The Play That Goes Wrong is known most for its comedic nature and riveting storytelling.
“It’s definitely a laugh-out-loud comedy, which we haven’t done in a while. There is also a lot of stage combat,” said McSweeney.
The actors in the production have put a lot of effort into perfecting their performance and their execution of their widely loved characters.
“Students were given a monologue for general auditions and asked to rehearse and perform. Students also have access to the script, so they can read the play before auditioning. I also encourage all students to research and watch different performances, never to copy, but to understand the characters,” said McSweeney.
The audition process exhibits the playfulness that the production will have, with warm-up games to recognize the character dynamics that will be conveyed in the play.
“It was pretty standard for an audition process. We had to read a portion of the opening monologue. We also had a group meetup where we played some warm-up games to get a feel for the dynamic between actors,” said Nathan Redmann, (Need to find out who he plays).
The production comes with its challenges, as everyone will be playing multiple parts.
“Everyone is playing multiple characters, so that is tricky.
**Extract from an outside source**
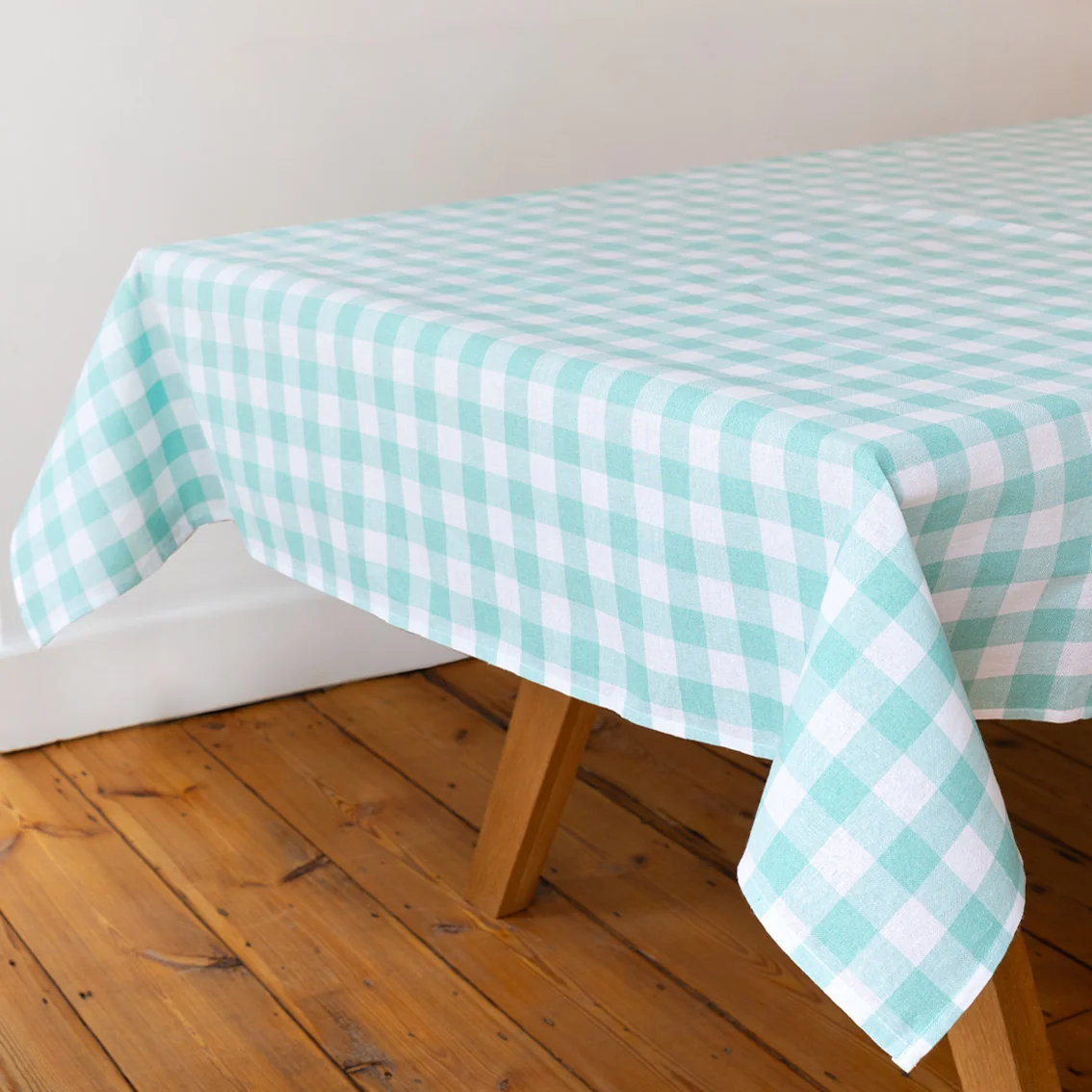 Talking Tables Bon Appetit Gingham Cotton Tablecloth, Mint - Image 9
Also, so much of the show is in the stage directions, and it’s crucial to get that correct in order for the play to work,” said McSweeney.
There are other difficulties that come with such a complex play. As there are things that go on beyond what is normally expected within a production. However, these challenges are what make the Play That Goes Wrong such an interesting theatrical experience.
“The most difficult part has definitely been connecting the lines to the blocking. It’s like there’s a whole hidden script underneath your words that you constantly need to pay attention to,” said Redmann.
Improvising is one of the exciting aspects of the production.
“The easiest part for me was surprisingly my opening and act 2 monologue. You get into the habit of hyper-improvising during this show and the scenes where you are alone really allow that habit to shine,” said Redmann.
Both the cast and crew of The Play That Goes Wrong have put in tremendous effort to create a great production people will enjoy watching.
“Students should come to watch the show because it’s a massive engineering feat and so much work went into the building, lighting, sounds, blocking electro-magnets, and line-work,” said Redmann.
The Play That Goes Wrong will certainly be a play to remember, as it is very different from the productions AT has done in recent years.
“This is unlike any show we have done in the last 10 years. You will laugh and have a really fun evening,” said McSweeney.